They try to escape, to Transcend, to Return, to Deny, to Repress, to
Imbibe some Higher Window view of the Truth , or to otherwise come to
terms with paranoid existence and with the big D or Death.

But all their attempts are but perversions of science or the occult or
cult or religion, and usually a blending or conflation of the
scientific and the occult.

The Winding Stair

My Soul. I summon to the winding ancient stair;
Set all your mind upon the steep ascent,
Upon the broken, crumbling battlement,
Upon the breathless starlit air,
'Upon the star that marks the hidden pole;
Fix every wandering thought upon
That quarter where all thought is done:
Who can distinguish darkness from the soul

My Self. The consecretes blade upon my knees
Is Sato's ancient blade, still as it was,
Still razor-keen, still like a looking-glass
Unspotted by the centuries;
That flowering, silken, old embroidery, torn
>From some court-lady's dress and round
The wodden scabbard bound and wound
Can, tattered, still protect, faded adorn

My Soul. Why should the imagination of a man
Long past his prime remember things that are
Emblematical of love and war?
Think of ancestral night that can,
If but imagination scorn the earth
And intellect is wandering
To this and that and t'other thing,
Deliver from the crime of death and birth.

My Self.
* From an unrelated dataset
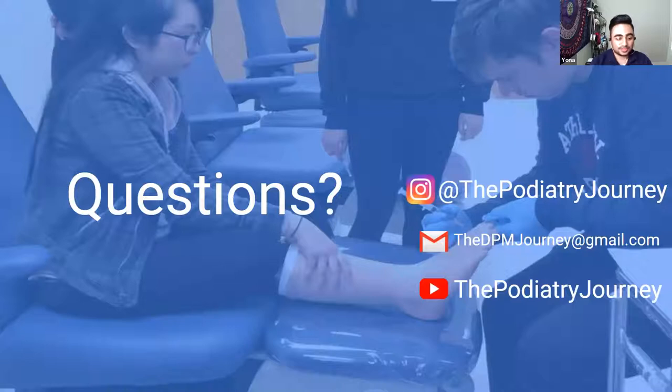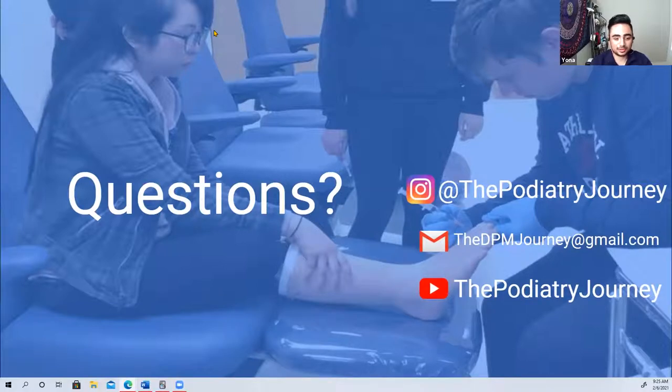If you have any questions, put them in the chat. Our social media: we're on Instagram at the podiatryjourney, email us at thedpmjourney@gmail.com, and we have a YouTube channel, The Podiatry Journey, with numerous videos about podiatry, the different schools, and our lifestyle.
Montashigi, third of his family, fashioned it
Five hundred years ago, about it lie
Flowers from I know not what embroidery -
Heart's purple - and all these I set
For emblems of the day against the tower
Emblematical of the night,
And claim as by a soldier's right
A charter to commit the crime once more.

My Soul. Such fullness in that quarter overflows
And falls into the basin of the mind
That man is stricken deaf and dumb and blind,
For intellect no longer knows
Is from the Ought, or knower from the Known -
That is to say, ascends to Heaven;
Only the dead can be forgiven;
But when I think of that my tongue's a stone.

II

My Self. A living man is blind and drinks his drop.
What matter if the ditches are impure?
What matter if I live it all once more?
Endure that toil of growing up;
The ignominy of boyhood; the distress
Of boyhood changing into man;
The unfinished man and his pain
Brought face to face with his own clumsiness;

The finished man among his enemies? -
How in the name of Heaven can he escape
That defiling and disfigured shape
The mirror of malicious eyes
Casts upon his eyes until at last
He thinks that shape must be his shape?
And what's the good of an escape
If honour find him in the wintry blast?

I am content to live it all again
And yet again, if it be life to pitch
Into the frog-spawn of a blind man's ditch,
A blind man battering blind men;
Or into that most fecund ditch of all,
The folly that man does
Or must suffer, if he woos
A proud woman not kindred of his soul.

I am content to follow to its source
Every event in action or in thought;
Measure the lot; forgive myself the lot!
When such as I cast out remorse
So great a sweetness flows into the breast
We must laugh and we must sing,
We are blest by everything,
Everything we look upon is blest.




Pointsman and Blicero are excellent of example of this perverse
blending of science and cult.
Both are, as are most of P's characters, on a quest.

What they are looking for is lost.

Henry Adams & the Moderns flushed it all down into the Waste.

In the Waste stumble about oblivious to this fact, so they are
constantly with keys without locks or locks without keys.